The letter by Cedernaes and Benedict (1) commenting on our article in this issue of Diabetes (2) raised some very interesting points and valuable insights that, in future studies, will further our understanding of parent-offspring transmission of disease and effective intervention strategies. We would like to address the points raised and provide additional discussion.
We agree that the timing of exercise could be extremely important. In our study, we started diet and exercise interventions prior to pregnancy for technical reasons, which limited our interpretations. We postulate that the epigenetic modification occurs during fetal development likely around midgestation when myogenesis is initiated since hypermethylation of the Pgc-1α promoter observed at birth was apparent in the skeletal muscle but not the liver. Other studies have reported positive impacts on offspring metabolic outcomes with maternal exercise started prior to pregnancy (3–5). Carefully designed timing studies will be of great value to human situations where pregnancy may not be noticed or diagnosed for some weeks or months after conception.

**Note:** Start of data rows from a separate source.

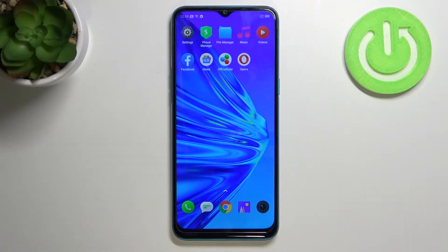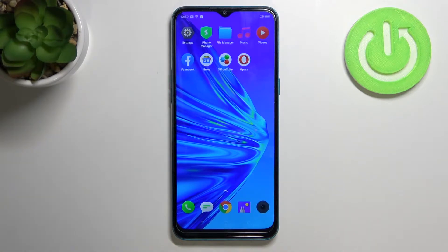Hello! In front of me I've got Realme 5i. Today I'll show you how to turn on and off smart sidebar.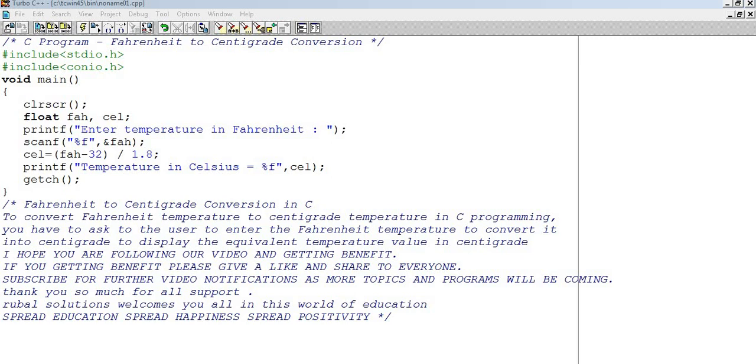we are making a C program to convert Fahrenheit temperature to centigrade temperature. You have to ask the user to enter the Fahrenheit temperature to convert into centigrade to display the equivalent temperature value in centigrade.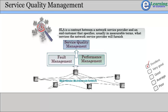Some metrics that SLAs may specify include: what percentage of the time services will be available, specific performance benchmarks to which actual performance will be periodically compared, the schedule for notification in advance of network changes that may affect users, and help desk response time for various classes of problems.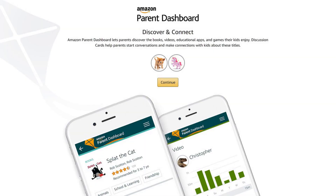Step 1. Open your web browser and navigate to the URL on the screen. I'll also link it in the video description. Log in to your Amazon account if prompted. You'll arrive at your Amazon Parent Dashboard.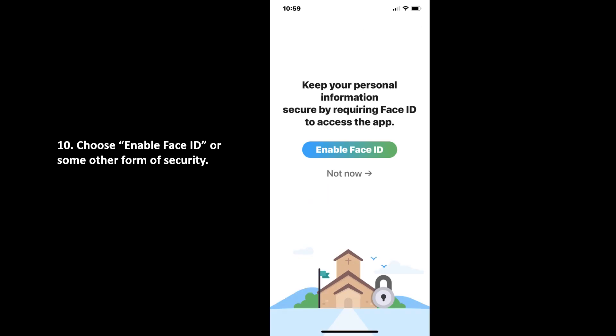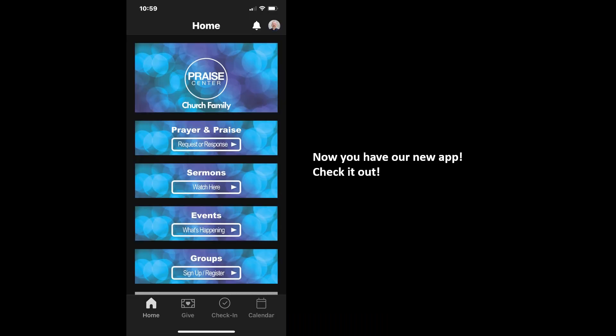Enable some sort of security, whether it's face ID, fingerprint ID, or a pin number — they'll walk you through that. And finally, you'll have our new app. I hope you enjoy it. Explore it, let me know how it's going. We appreciate you being involved. Thank you.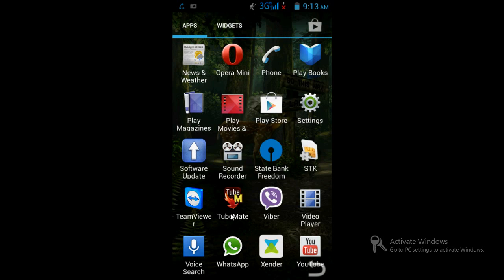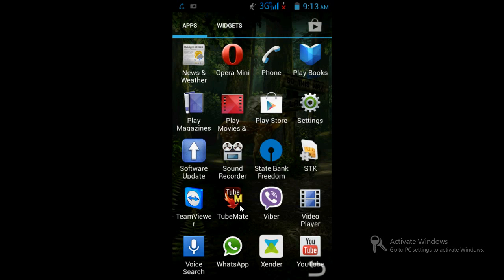So suppose your friend has TeamViewer or TubeMate or Viber but doesn't have internet connection to access Play Store, and they don't have the backup file, but you want to send this software to someone else. Then you need to create the APK file for that purpose.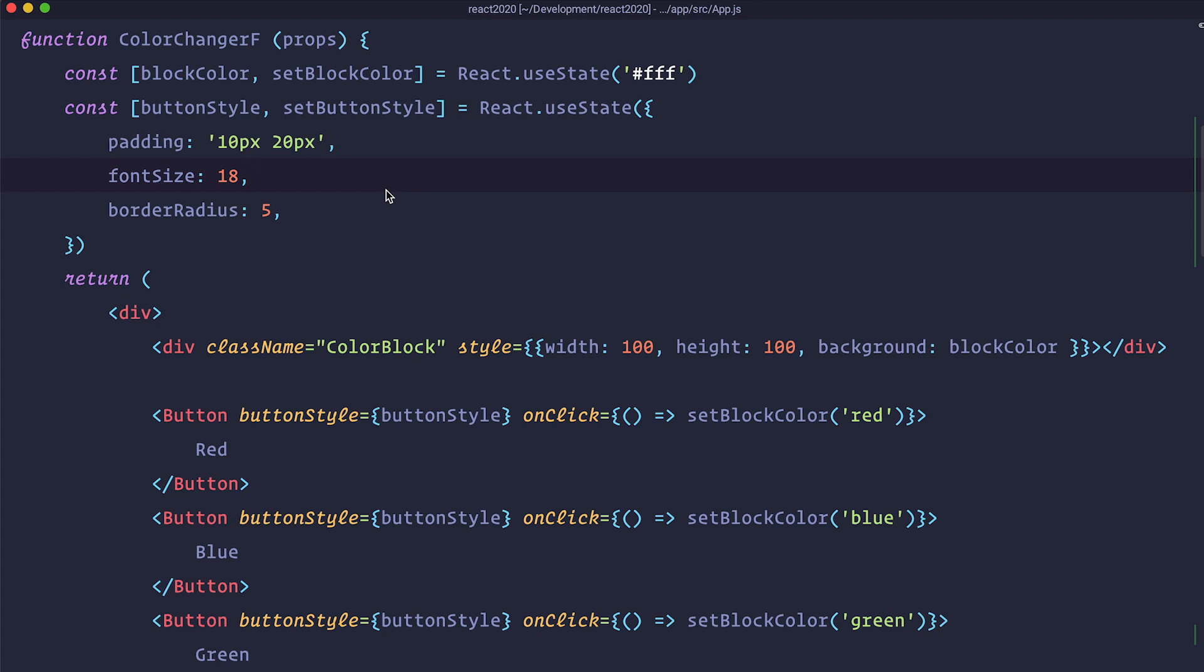So hooks are the actual preferred way we are going to do things in this series and especially in the series after this one which is going to be about Next.js.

Cedernaes and Benedict discussed a very interesting study showing paternal obesity causing an early onset of β-cell dysfunction in the offspring (6). Ascertaining whether exercise is effective in preventing this or other types of negative impacts of paternal obesity to the offspring is clearly very important. The findings will be pertinent to the timing question as well.
Finally, based on findings by Barrès et al. (7), the authors raised the possibility of intergenerational impact of a single bout of exercise during pregnancy. Considering the following, we speculate that this is unlikely. First, we showed that under normal chow conditions, in the absence of maternal obesity, maternal exercise did not cause Pgc-1α hypomethylation or impact later metabolic function in the offspring. Second, our findings were in the offspring muscle, and it was the mothers that performed the exercise. Third, we measured basal level Pgc-1α methylation while Barrès et al. (7) detected transiently induced methylation possibly through the action of a different epigenetic machinery. In sum, we suspect that the epigenetic effect of maternal exercise we observed is not a direct response to muscle contraction, but likely to an improved uterine milieu in the mother.
Duality of Interest. No potential conflicts of interest relevant to this article were reported.